What is happening in my soul right now, in the here and now?
Right now, in this moment I feel tense. I don't want to reveal the ugliness of my resistance to grow. My pathology has a firm grip at the scruff of my neck and anytime I step towards the truth there is a strong yank. I wimper and submit.
Submit to what?
Submit to a life that is ruled by hiding and by lies.
Every breath I make. Every step I take is inundated with tension. Tension is the whoremaster that keeps me on track. The track is deeply rutted in worldly affairs. Doing the right thing is the only voice in my head. Throughout any given day, the voice holds me hostage and I, the puppet, respond, react.
Concrete examples will help to illustrate:
This morning I wrote an email stating that I did not want to write, that I felt too vulnerable to share with anyone who happens to read my webpage that I am in a dreadful, stuck place in my inner process right now. This evening I force myself to write because I don't want to be the only one who has not written an updated personal statement. It is not an inner desire that motivates me, but an external one.
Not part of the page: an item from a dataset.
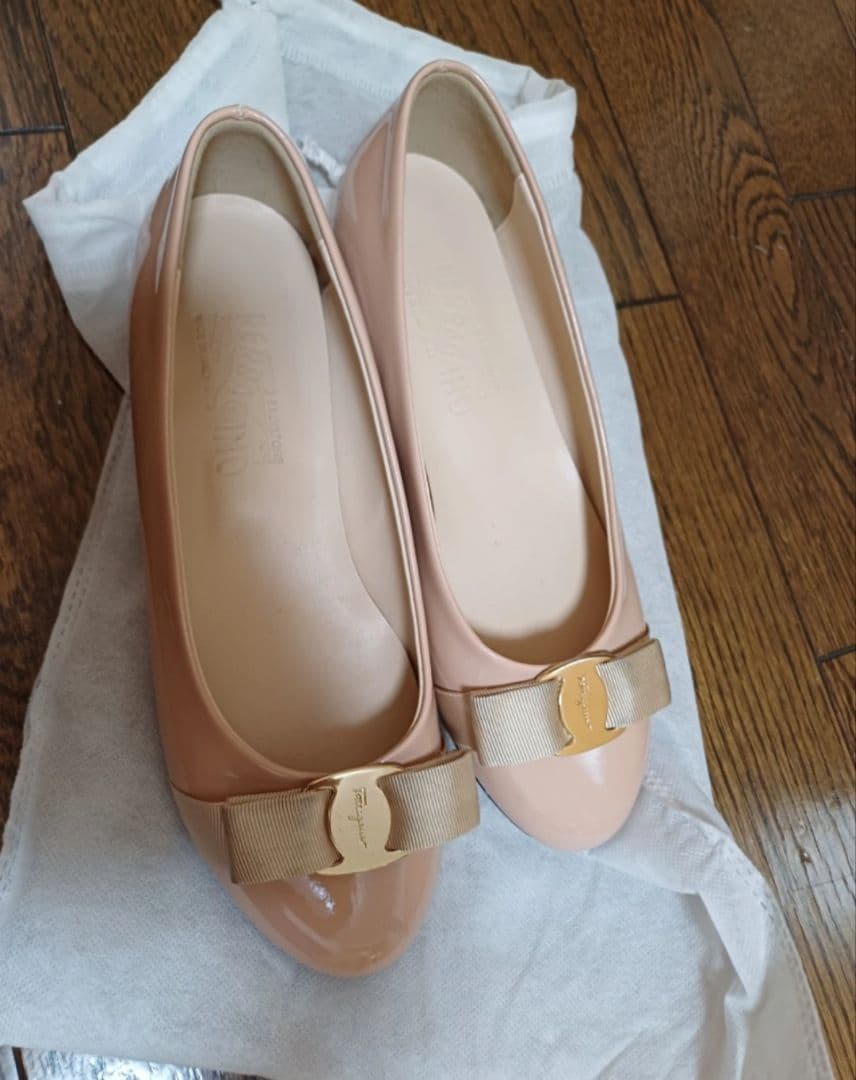 Ferragamoヴァラパンプス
Also today, I challenged myself to do my homework consistently, every 5 minutes for a half hour period. I did it twice.
Today I had the opportunity to have 3 hours at home while my children were in school. I wanted this very much - both to take care of some business and to spend time writing. Instead, I decided that it was more important to 'rescue' my 5 year old son from a somewhat uncomfortable ride home and added an extra hour and a half driving to my day and no time at home alone.
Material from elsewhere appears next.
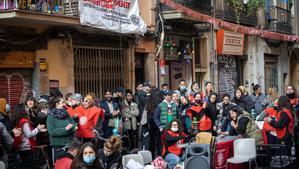 Convocatoria ciudadana para parar un desahucio en el Casc Antic, en Barcelona.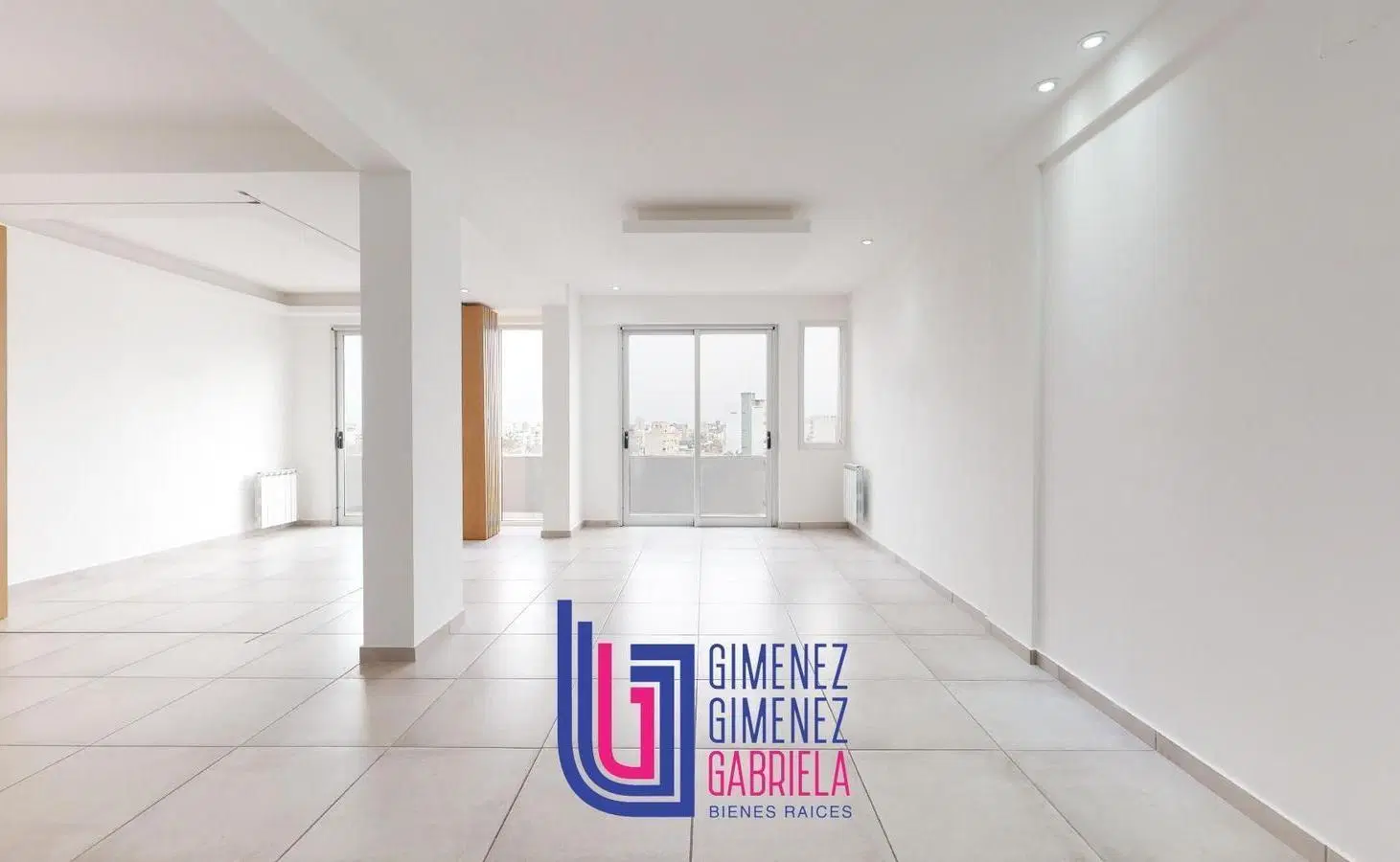 Departamento de 2 dormitorios con 2 cocheras 4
I played tickle wrestle with my son, all the while thinking that I should be cooking dinner, cleaning up, making phone calls, etc.
I could go on, but it is time to share my most recent dreams:
Teepee structures being erected. One is enormous and has huge branches protruding from it at unweildy angles. The man and woman erect it anyway. I am beside this structure and it collapses. I freeze - can't move. After a delay I run and scream but noone gets hurt. The dream shifts and I am in a church/cathedral, looking for something.
The teepee structures represent the unwieldy ideas and thought processes that are described above. Thank God they are collapseing, but I react to the collapse by being paralyzed, tense.
My second dream:
I enter a room with red carpets and high ceilings. There is a man in the room whom I think is tired. I enter another room and there is a group of children playing music. A baby, a baby that is, goes up to the drum and starts jamming - awesome rhythms!
Why do I think the man is tired? Because it is an ingraided, automatic reflex to project onto people that they are needy so that I can take care of them. I am a pervasive caretaker. This allows me to keep the focus on others, which is just where my pathology wants it to be. The drumming baby is my primal, healthy self, ready to absolutely boogie!
My homework from these two dreams is to "Acknowledge when I am in 'teepee world' or caretaking. Then go to the church and be aware of the drumming boy" and to do this every half hour.
The first part of the homework is easy. I am always in 'teepee world' or caretaking. Every time I do my homework it is obvious to me that I have drifted off into some abstract ideas, worried about what someone is going to think of me, what the 'right thing' is, etc..
Although the second part of the homework is the juicy part, I have a much harder time doing it. It is easier to stay in the horid muck than it is to move out of it.
This is why I did not want to write this, because this is where I am right now. Still stuck. Still tense.